__Directions for this task__. Your response to the data below should hold nothing except the lines from the one containing "empty room featuring light colored carpet" down to the one containing "a patio with", reproduced exactly and without pictures.

__Records for the exercise__.
━━━━━━━━
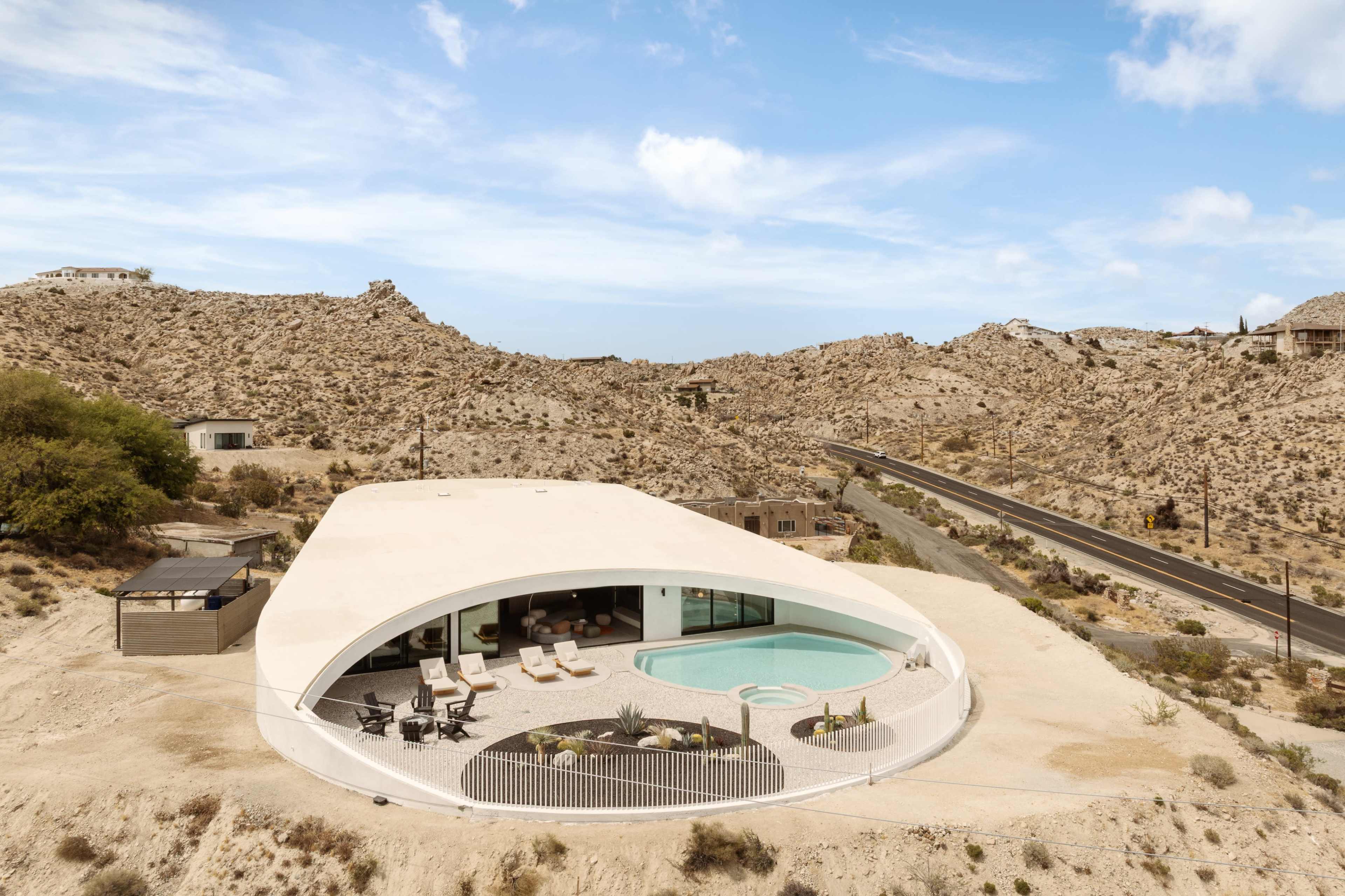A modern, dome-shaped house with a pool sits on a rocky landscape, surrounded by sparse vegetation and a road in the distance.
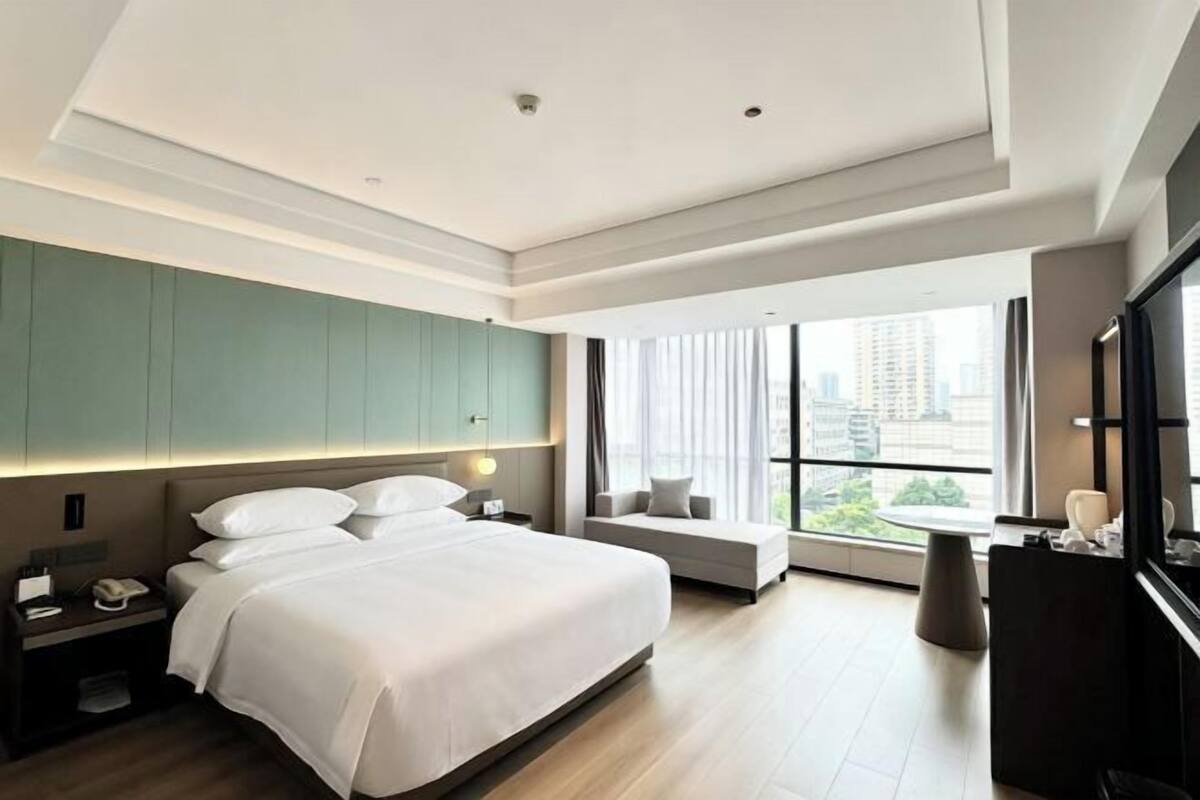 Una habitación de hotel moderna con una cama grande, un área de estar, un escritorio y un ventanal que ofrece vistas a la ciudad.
━━━━━━━━
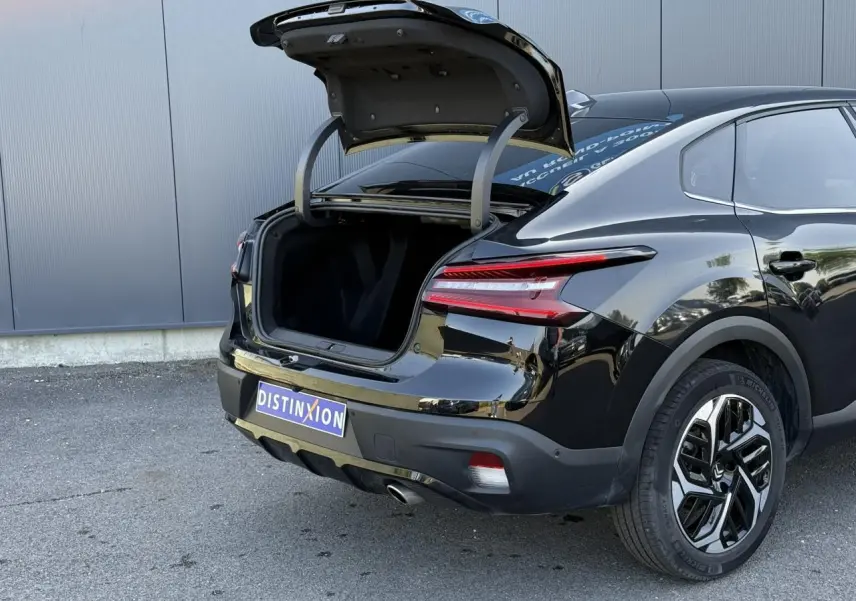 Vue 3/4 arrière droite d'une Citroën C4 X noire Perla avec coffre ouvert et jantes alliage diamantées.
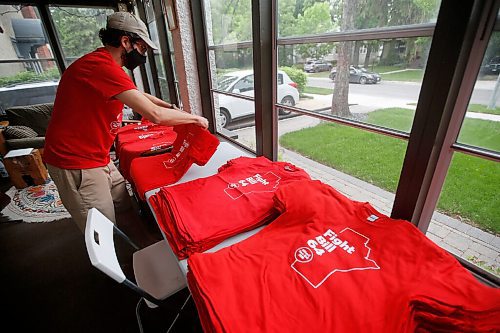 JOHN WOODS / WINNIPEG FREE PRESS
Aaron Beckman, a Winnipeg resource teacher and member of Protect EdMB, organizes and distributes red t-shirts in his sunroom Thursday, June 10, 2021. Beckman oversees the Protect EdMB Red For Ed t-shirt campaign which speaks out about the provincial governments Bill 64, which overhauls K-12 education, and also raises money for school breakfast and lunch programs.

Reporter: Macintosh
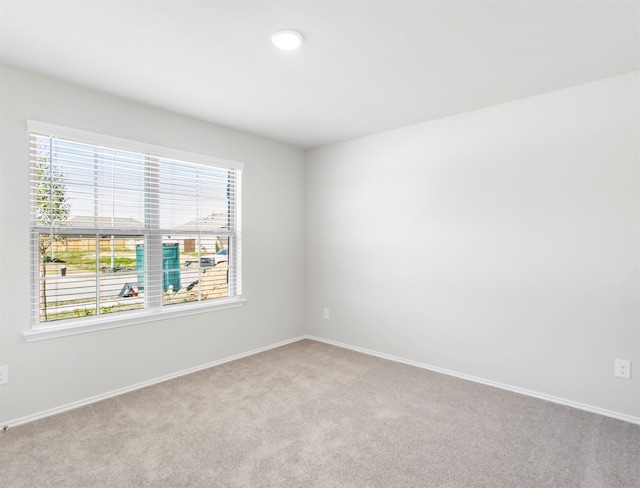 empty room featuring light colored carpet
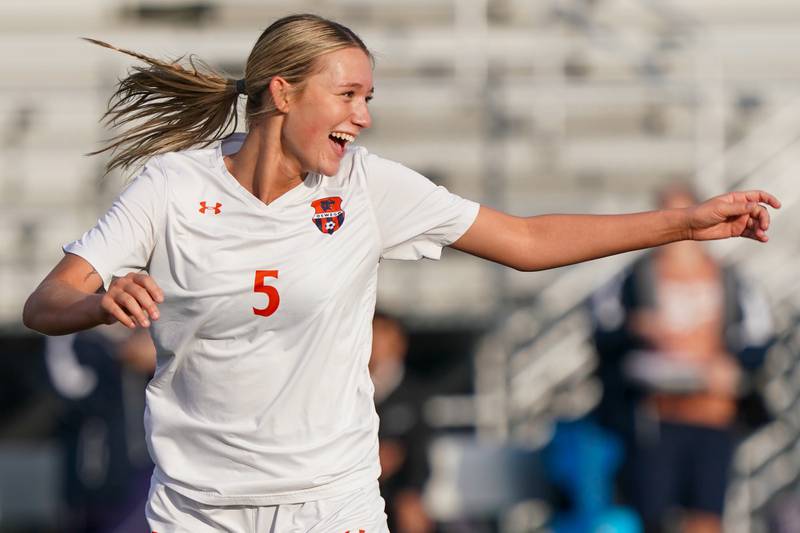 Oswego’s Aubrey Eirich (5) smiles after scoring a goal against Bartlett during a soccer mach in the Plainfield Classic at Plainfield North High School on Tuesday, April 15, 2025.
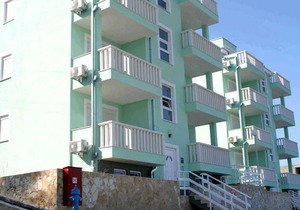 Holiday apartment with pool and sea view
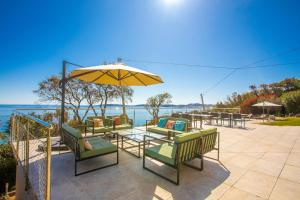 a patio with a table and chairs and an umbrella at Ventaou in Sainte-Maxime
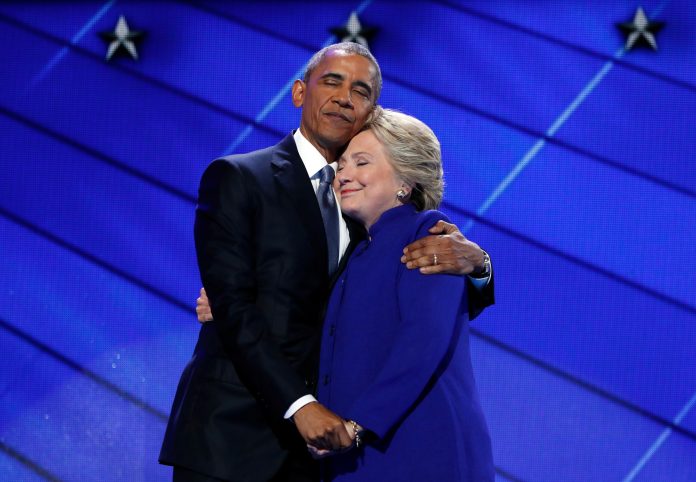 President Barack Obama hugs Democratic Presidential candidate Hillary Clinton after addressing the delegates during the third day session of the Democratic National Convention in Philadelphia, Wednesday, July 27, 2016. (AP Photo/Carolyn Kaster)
━━━━━━━━
__Result of the exercise__.
 empty room featuring light colored carpet
 Oswego’s Aubrey Eirich (5) smiles after scoring a goal against Bartlett during a soccer mach in the Plainfield Classic at Plainfield North High School on Tuesday, April 15, 2025.
 Holiday apartment with pool and sea view
 a patio with a table and chairs and an umbrella at Ventaou in Sainte-Maxime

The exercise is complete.